Example  8. Anti-cancer drug-sensitive ovarian cancer cell line and anti-cancer drug resistant ovarian cancer cell line DNA 메틸레이션  Change analysis

DNA was extracted from eleven ovarian cancer cell lines and bisulfite conversion was performed to convert unmethylated cytosine to uracil. Using human methylation 450 bead chip (illumina), about 485,000 CpG sites The degree of methylation was measured. The degree of DNA methylation is expressed as a value having a value of 0 to 1, and a value of 0 means that the corresponding CpG site is completely unmethylated and 1 means completely methylated. The following three analyzes were performed to find CpG sites with significantly different degrees of methylation in relation to cisplatin resistance, and the CpG sites found in the results of each analysis were found in comparison with the degree of methylation in the cisplatin sensitive cell group and the resistant cell group , And these were selected as differential methylated genes (DMGs) in the two groups:

a. Eleven kinds of ovarian cancer cell lines were classified into cisplatin-sensitive group and resistant group, and the DNA methylation changes between the two groups were analyzed to find a CpG region with a significant change in β value of 0.25 or more in the resistant cell line to the sensitive cell line (β &Gt; 0.25 < 0.05)

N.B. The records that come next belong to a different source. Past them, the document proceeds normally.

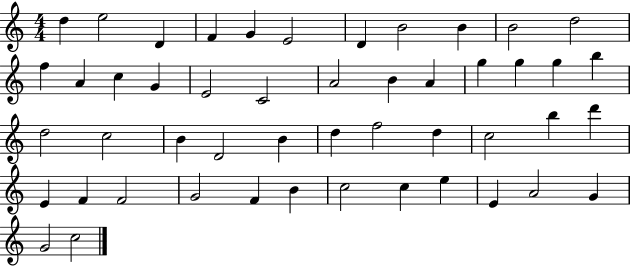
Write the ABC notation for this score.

X:1
T:Untitled
M:4/4
L:1/4
K:C
d e2 D F G E2 D B2 B B2 d2 f A c G E2 C2 A2 B A g g g b d2 c2 B D2 B d f2 d c2 b d' E F F2 G2 F B c2 c e E A2 G G2 c2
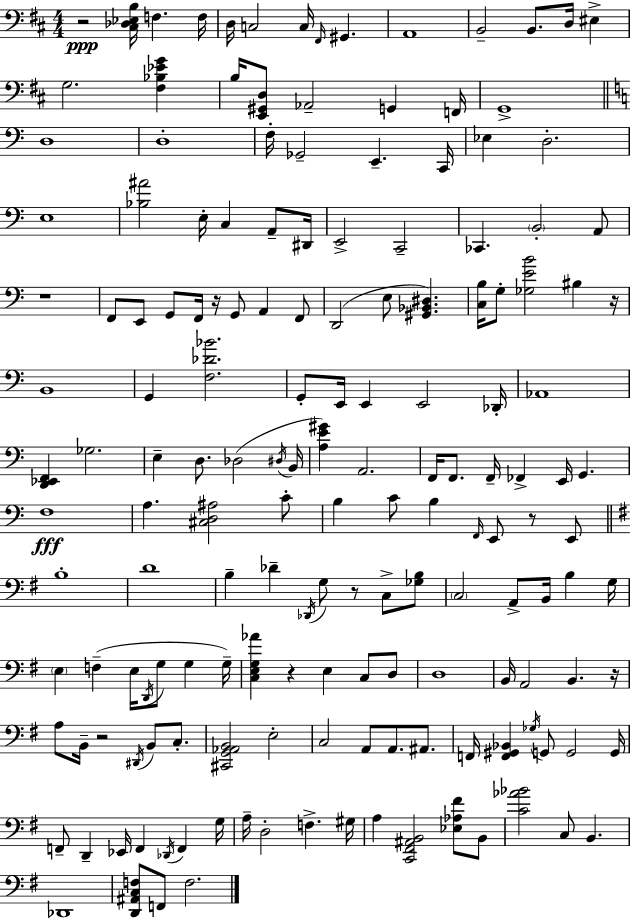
R/h [C#3,Db3,Eb3,B3]/s F3/q. F3/s D3/s C3/h C3/s F#2/s G#2/q. A2/w B2/h B2/e. D3/s EIS3/q G3/h. [F#3,Bb3,Eb4,G4]/q B3/s [E2,G#2,D3]/e Ab2/h G2/q F2/s G2/w D3/w D3/w F3/s Gb2/h E2/q. C2/s Eb3/q D3/h. E3/w [Bb3,A#4]/h E3/s C3/q A2/e D#2/s E2/h C2/h CES2/q. B2/h A2/e R/w F2/e E2/e G2/e F2/s R/s G2/e A2/q F2/e D2/h E3/e [G#2,Bb2,D#3]/q. [C3,B3]/s G3/e [Gb3,E4,B4]/h BIS3/q R/s B2/w G2/q [F3,Db4,Bb4]/h. G2/e E2/s E2/q E2/h Db2/s Ab2/w [D2,Eb2,F2]/q Gb3/h. E3/q D3/e. Db3/h D#3/s B2/s [A3,E4,G#4]/q A2/h. F2/s F2/e. F2/s FES2/q E2/s G2/q. F3/w A3/q. [C#3,D3,A#3]/h C4/e B3/q C4/e B3/q F2/s E2/e R/e E2/e B3/w D4/w B3/q Db4/q Db2/s G3/e R/e C3/e [Gb3,B3]/e C3/h A2/e B2/s B3/q G3/s E3/q F3/q E3/s D2/s G3/e G3/q G3/s [C3,E3,G3,Ab4]/q R/q E3/q C3/e D3/e D3/w B2/s A2/h B2/q. R/s A3/e B2/s R/h D#2/s B2/e C3/e. [C#2,G2,Ab2,B2]/h E3/h C3/h A2/e A2/e. A#2/e. F2/s [F2,G#2,Bb2]/q Gb3/s G2/e G2/h G2/s F2/e D2/q Eb2/s F2/q Db2/s F2/q G3/s A3/s D3/h F3/q. G#3/s A3/q [C2,F#2,A#2,B2]/h [Eb3,Ab3,F#4]/e B2/e [C4,Ab4,Bb4]/h C3/e B2/q. Db2/w [D2,A#2,C3,F3]/e F2/e F3/h.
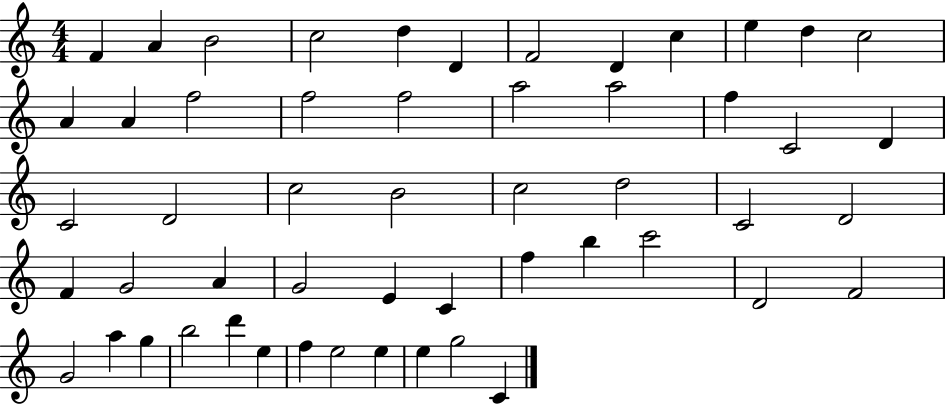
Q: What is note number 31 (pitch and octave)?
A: F4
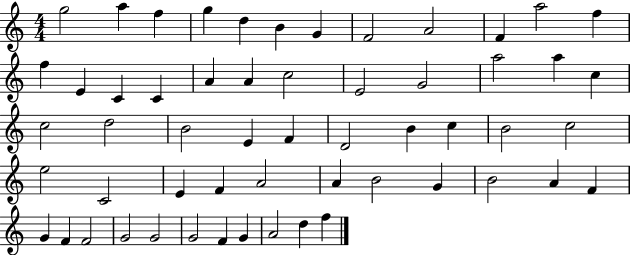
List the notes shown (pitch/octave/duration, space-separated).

G5/h A5/q F5/q G5/q D5/q B4/q G4/q F4/h A4/h F4/q A5/h F5/q F5/q E4/q C4/q C4/q A4/q A4/q C5/h E4/h G4/h A5/h A5/q C5/q C5/h D5/h B4/h E4/q F4/q D4/h B4/q C5/q B4/h C5/h E5/h C4/h E4/q F4/q A4/h A4/q B4/h G4/q B4/h A4/q F4/q G4/q F4/q F4/h G4/h G4/h G4/h F4/q G4/q A4/h D5/q F5/q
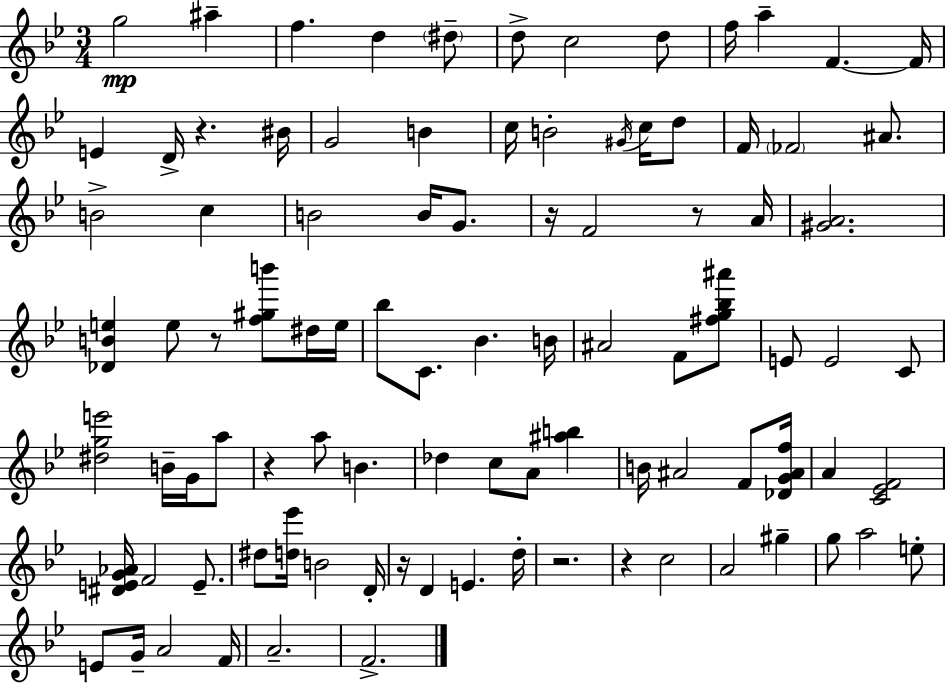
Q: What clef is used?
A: treble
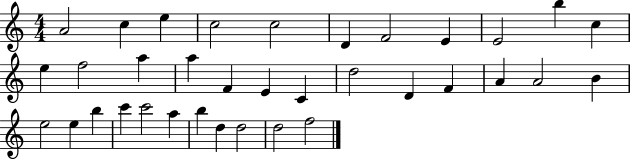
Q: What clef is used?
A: treble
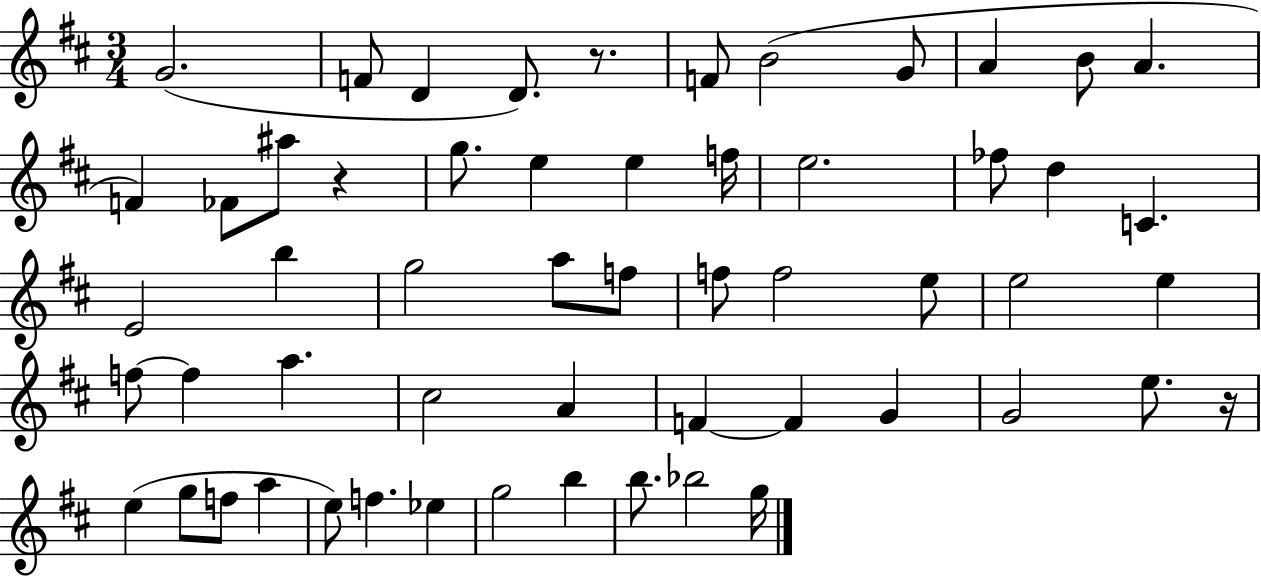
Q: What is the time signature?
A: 3/4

b. The IC ₅₀ values of 11 ovarian cancer cell lines and the Pearson correlation coefficient of β value of each CpG site were found to be significant CpG sites (p <0.05)

c. IC ₅₀ values of 11 ovarian cancer cell lines and Spearman correlation coefficient of β value of each CpG site were found to be significant CpG site (p <0.05)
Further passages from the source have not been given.